### Instructions to follow
Lines from the one with "Why the Working" up to and including the one with "Kaffe Collective Feb" are to be copied exactly from the records below, without their pictures.

### Records for the task
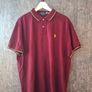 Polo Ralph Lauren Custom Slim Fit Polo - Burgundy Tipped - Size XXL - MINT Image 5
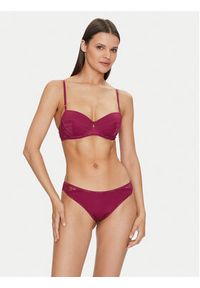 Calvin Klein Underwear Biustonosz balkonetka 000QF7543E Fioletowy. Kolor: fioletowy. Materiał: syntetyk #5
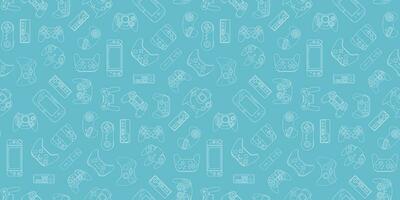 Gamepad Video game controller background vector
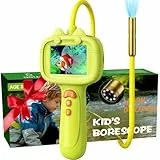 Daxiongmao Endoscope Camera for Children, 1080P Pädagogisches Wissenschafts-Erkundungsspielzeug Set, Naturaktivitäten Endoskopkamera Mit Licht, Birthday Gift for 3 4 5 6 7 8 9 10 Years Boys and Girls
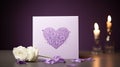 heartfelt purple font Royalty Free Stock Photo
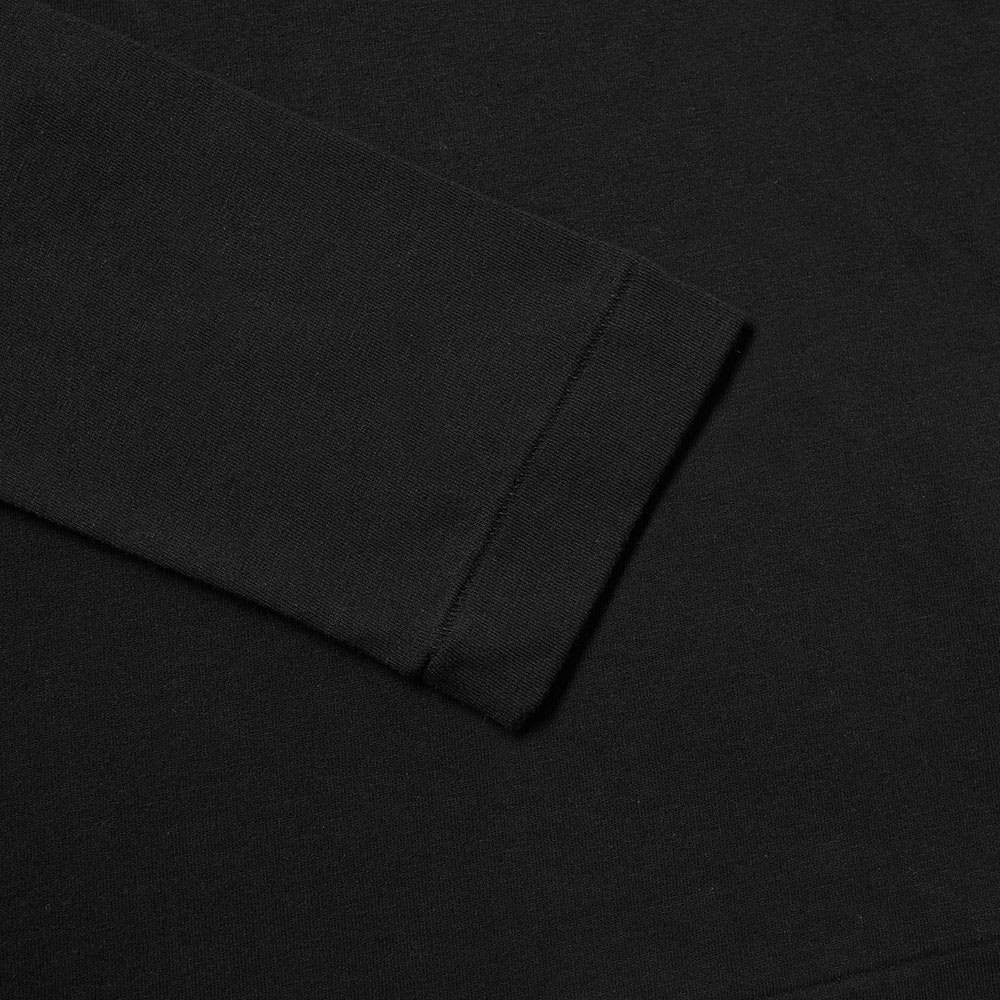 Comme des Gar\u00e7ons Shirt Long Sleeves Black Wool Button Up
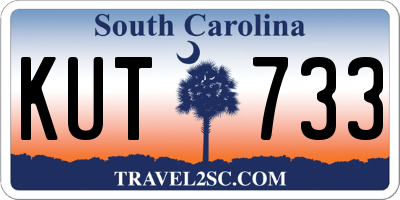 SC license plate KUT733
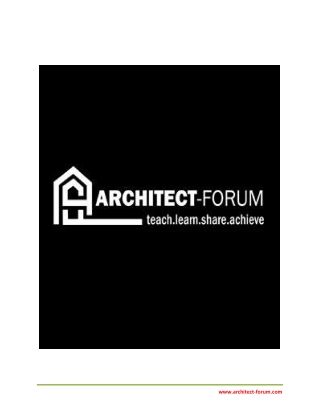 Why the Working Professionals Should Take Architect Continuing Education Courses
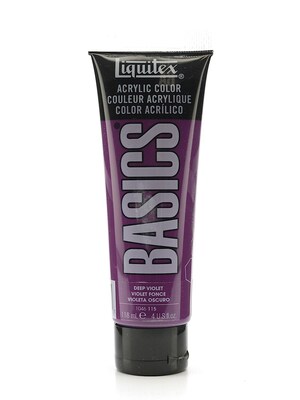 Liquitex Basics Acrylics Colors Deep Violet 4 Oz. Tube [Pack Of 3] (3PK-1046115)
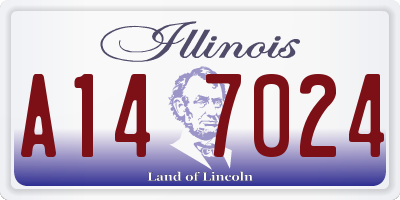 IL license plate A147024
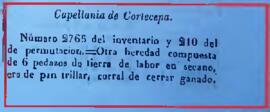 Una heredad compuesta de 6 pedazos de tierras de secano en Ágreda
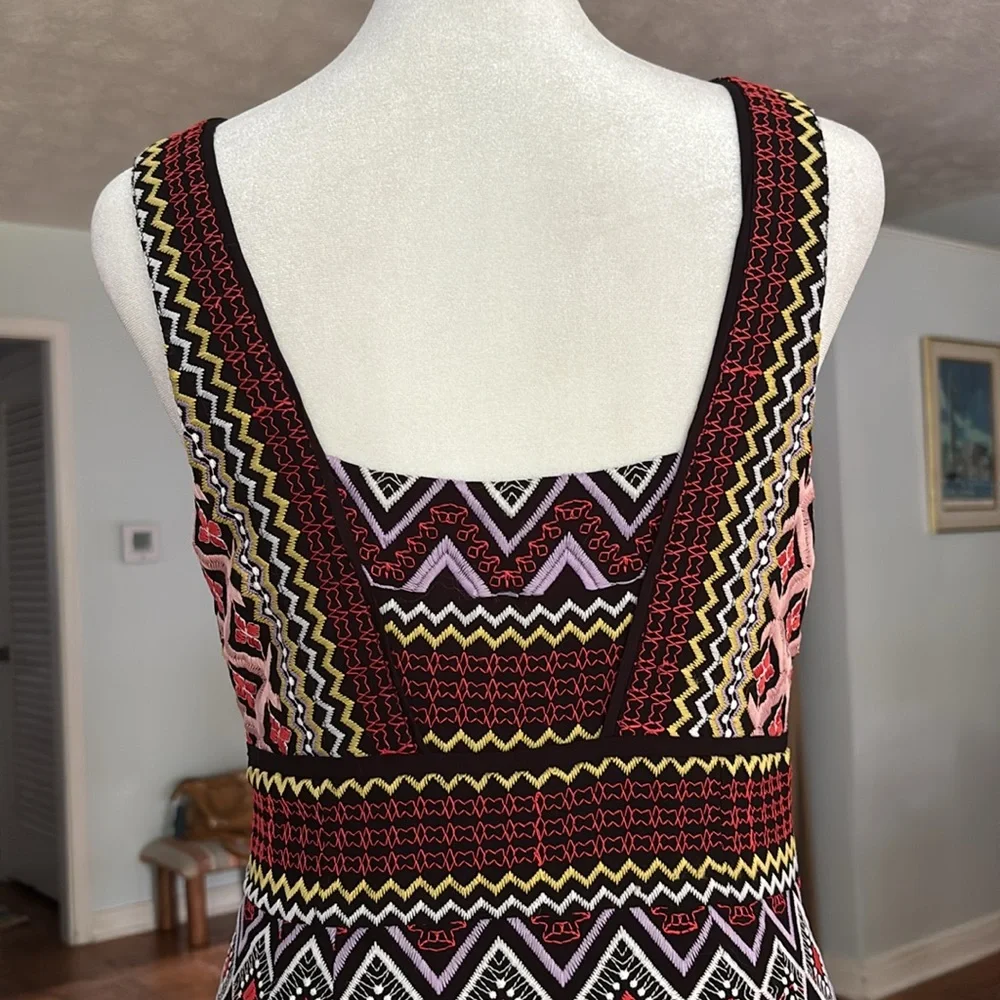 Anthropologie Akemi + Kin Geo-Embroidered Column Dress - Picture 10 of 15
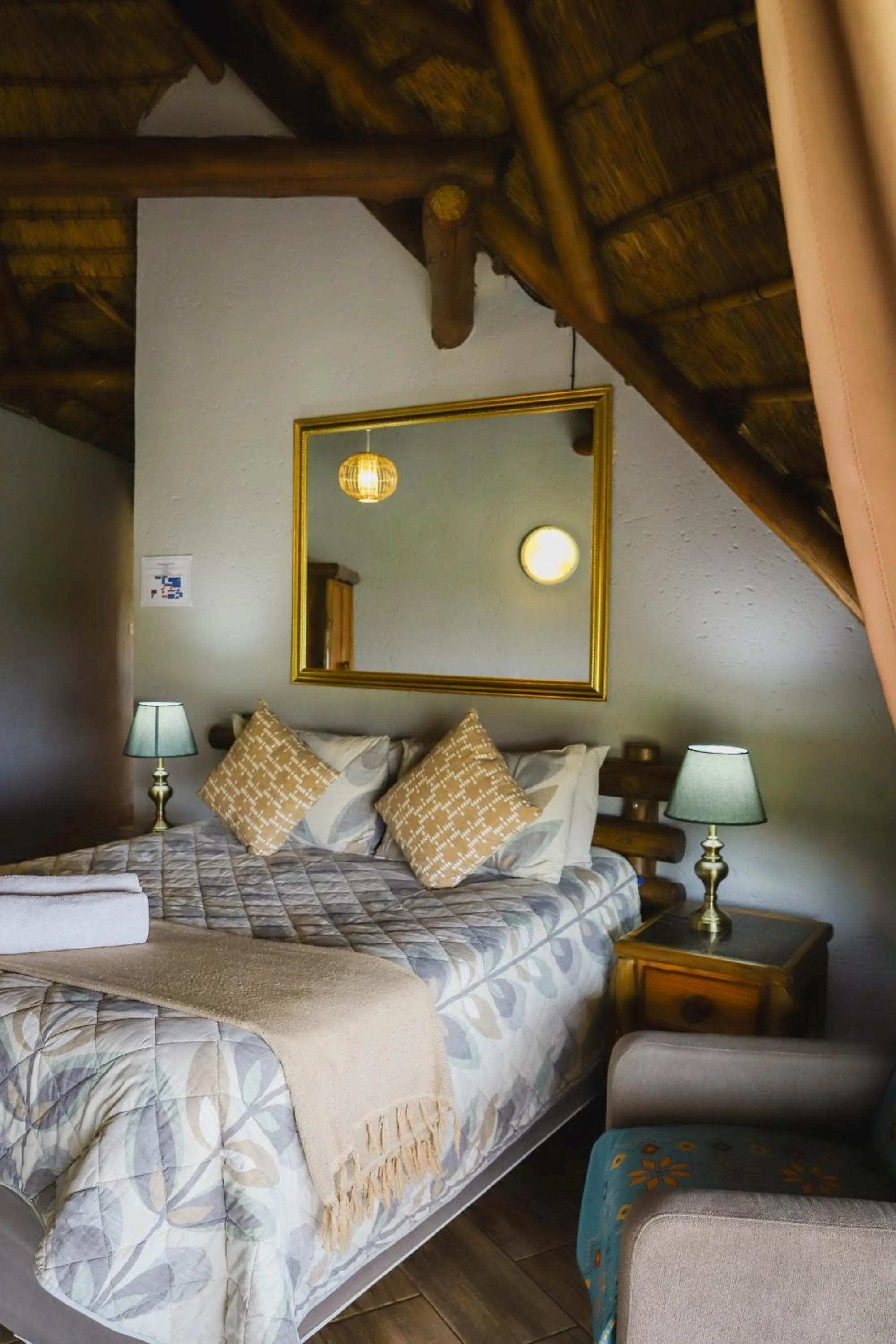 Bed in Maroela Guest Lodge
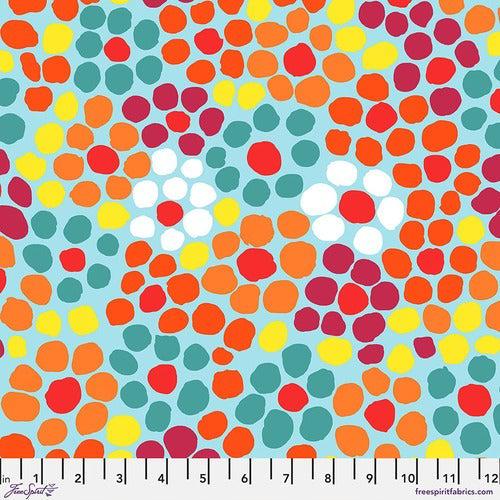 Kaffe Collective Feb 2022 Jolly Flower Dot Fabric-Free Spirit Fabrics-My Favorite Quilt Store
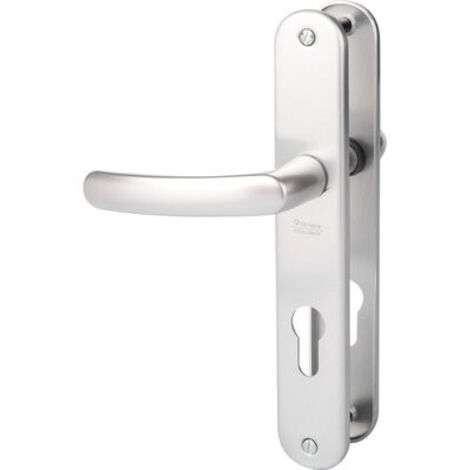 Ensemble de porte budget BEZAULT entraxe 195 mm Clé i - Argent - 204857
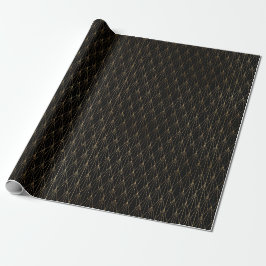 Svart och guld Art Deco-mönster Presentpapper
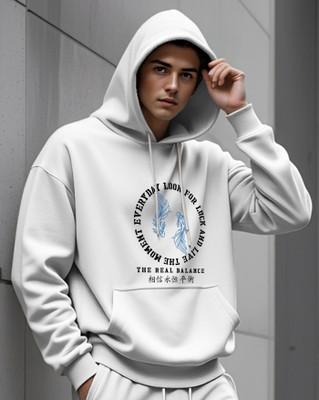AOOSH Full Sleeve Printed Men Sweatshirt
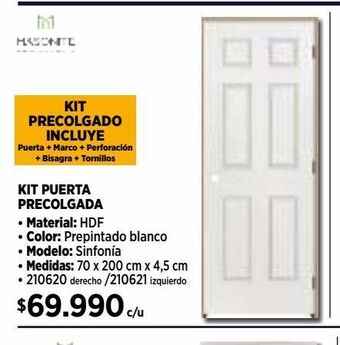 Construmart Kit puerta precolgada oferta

### Reply
 Why the Working Professionals Should Take Architect Continuing Education Courses
 Liquitex Basics Acrylics Colors Deep Violet 4 Oz. Tube [Pack Of 3] (3PK-1046115)
 IL license plate A147024
 Una heredad compuesta de 6 pedazos de tierras de secano en Ágreda
 Anthropologie Akemi + Kin Geo-Embroidered Column Dress - Picture 10 of 15
 Bed in Maroela Guest Lodge
 Kaffe Collective Feb 2022 Jolly Flower Dot Fabric-Free Spirit Fabrics-My Favorite Quilt Store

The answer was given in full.